The basic algorithm to correctly combine two sets of heavy hitters is as follows. We assume the two corresponding CMSs are called left and right, respectively.

Create the union of the items in left's heavy hitters and right's heavy hitters. This union is the set of candidates that may become the final, combined heavy hitters.
Combine the counting tables of left and right.
- In the A generic version of CountMinSketch[T] to decouple CMS from Long? #345 code, you can conveniently do this via left.cms ++ right.cms, where the cms field is a CMS that can only count and query.
For each item in the union from step 1, estimate the "combined" frequency from
the combined counting table from step 2.
Drop all items whose count is below the minimum threshold. The remaining items are the correct heavy hitters.

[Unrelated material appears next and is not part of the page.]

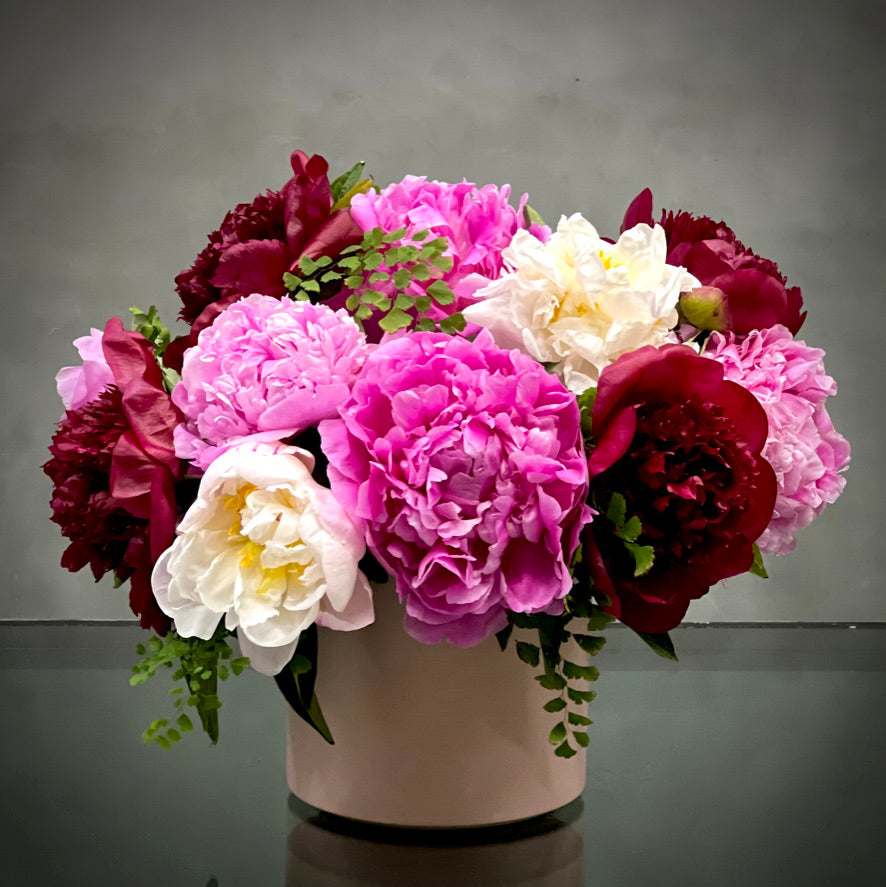 Beverly Hills Florist presents Peony Truffles for same day delivery! Peonies layered over delicate leaves ready for same day delivery. let our Beverly hills florist design team create an arrangement that is elegant, simple, and sophisticated. A beautiful sentiment for a Birthday, Thank you and Thinking Of You. 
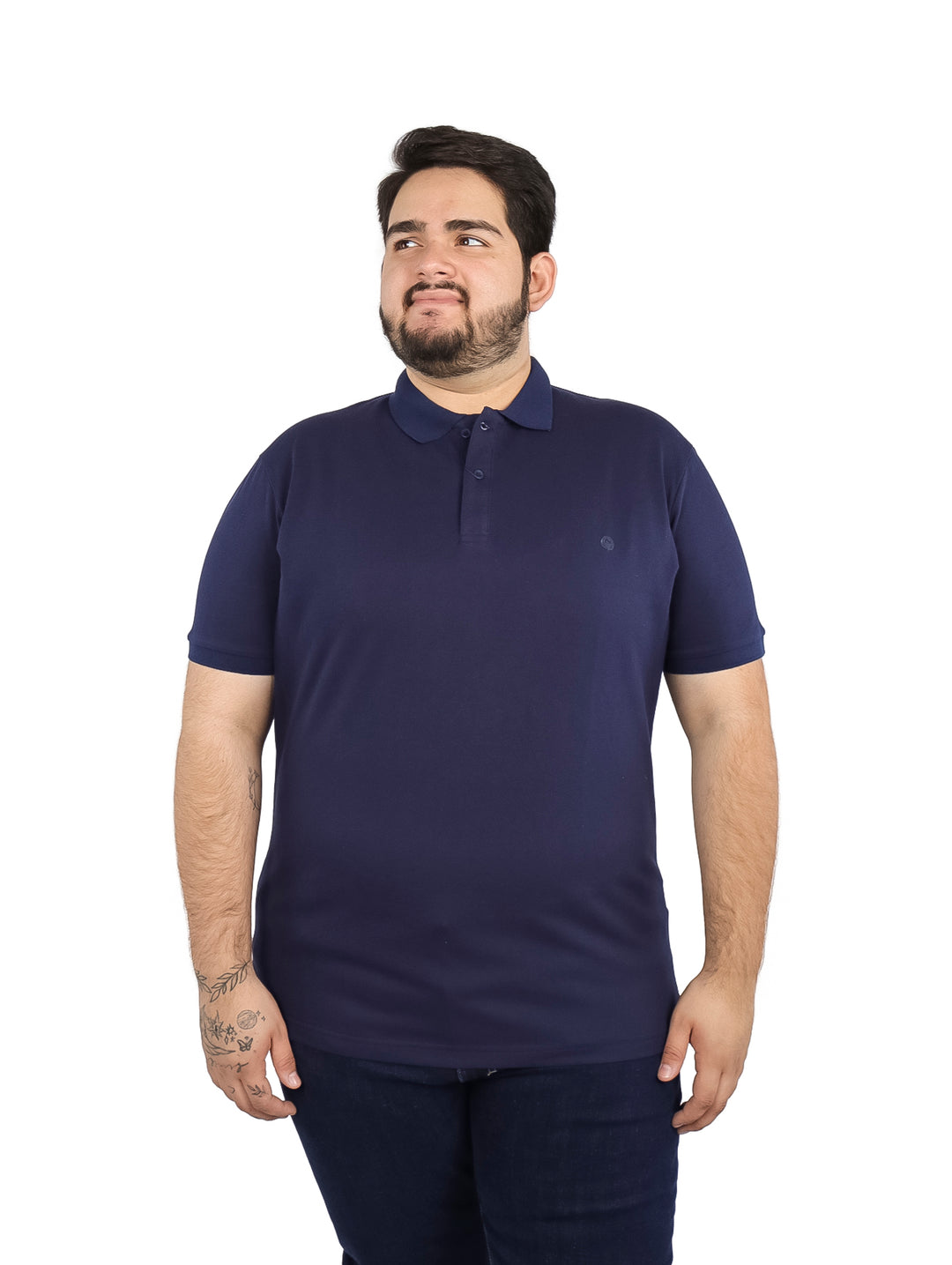 Hombre vistiendo una playera polo de color azul marino de manga corta.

Proof of concept fix for the current CMS implementation:

diff --git a/algebird-core/src/main/scala/com/twitter/algebird/CountMinSketch.scala b/algebird-core/src/main/scala/com/twitter/algebird/CountMinSketch.scala
index b87058e..c11560c 100644
--- a/algebird-core/src/main/scala/com/twitter/algebird/CountMinSketch.scala
+++ b/algebird-core/src/main/scala/com/twitter/algebird/CountMinSketch.scala
@@ -258,9 +258,98 @@ case class CMSInstance(countsTable: CMSCountsTable, totalCount: Long,
       case other: CMSZero => this
       case other: CMSItem => this + other.item
       case other: CMSInstance => {
         val newTotalCount = totalCount + other.totalCount
-        val newHhs = (hhs ++ other.hhs).dropCountsBelow(params.heavyHittersPct * newTotalCount)
-        CMSInstance(countsTable ++ other.countsTable, newTotalCount, newHhs, params)
+        val allItems = hhs.items ++ other.hhs.items
+        val combinedCounts = countsTable ++ other.countsTable
+        val newHhs = {
+          def freq(table: CMSCountsTable, x: Long): Approximate[Long] = {
+            val estimates = table.counts.zipWithIndex.map {
+              case (row, i) =>
+                row(params.hashes(i)(x))
+            }
+            makeApprox(estimates.min)
+          }
+          val hitters: Set[HeavyHitter] = allItems.map { case i => HeavyHitter(i, freq(combinedCounts, i).estimate) }
+          val hhs = HeavyHitters(hitters.foldLeft(SortedSet[HeavyHitter]()(HeavyHitter.ordering))(_ + _))
+          hhs.dropCountsBelow(params.heavyHittersPct * newTotalCount)
+        }
+        CMSInstance(combinedCounts, newTotalCount, newHhs, params)
       }
     }
   }

Please note that the purpose of the patch above is to let me demonstrate the idea of the fix in a simple, short diff. A proper, cleaner variant of the fix would touch multiple places in the CMS code. (For instance, such a clean fix is already part of the GH-345 code.)

Limitation of this fix

The fix approach above does address the heavy hitters problem for top-% CMS variants, i.e. a CMS that computes heavy hitters based on the rule count >= heavyHittersPct * totalCount. The current (pre GH-345) CMS code in Algebird is such a top-% CMS variant, and can thus be fixed with the approach above.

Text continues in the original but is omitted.